• **Information shown**
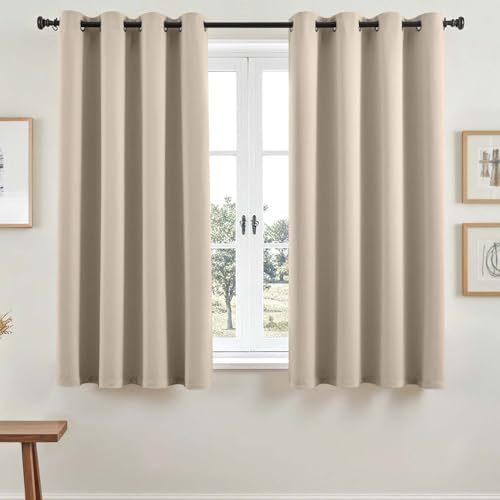 Vangao Gardinen mit Ösen Kurz Blickdicht Modern H145xB140cm 2er Set, Beige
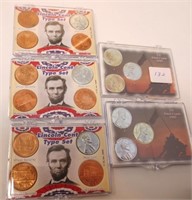 5 Lincoln cent sets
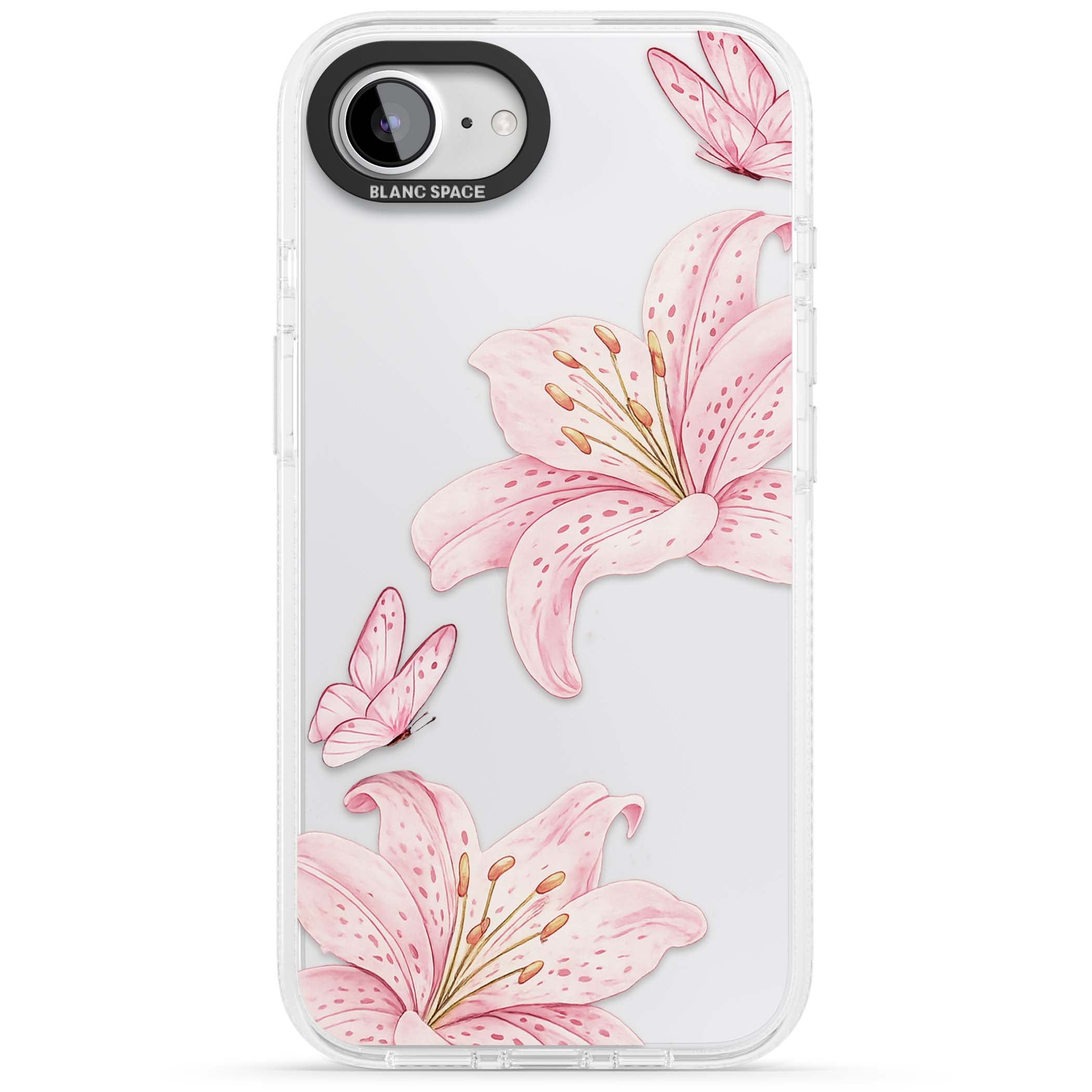 Lily Whisper floral iPhone case featuring pink watercolour lilies and delicate butterflies on a clear background | Clear Case Impact Air case for iPhone 16e, iPhone 17e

• **Activity**
Your task is to reproduce all of the material exactly. The pictures stay out.

• **Answer box**
 Vangao Gardinen mit Ösen Kurz Blickdicht Modern H145xB140cm 2er Set, Beige
 5 Lincoln cent sets
 Lily Whisper floral iPhone case featuring pink watercolour lilies and delicate butterflies on a clear background | Clear Case Impact Air case for iPhone 16e, iPhone 17e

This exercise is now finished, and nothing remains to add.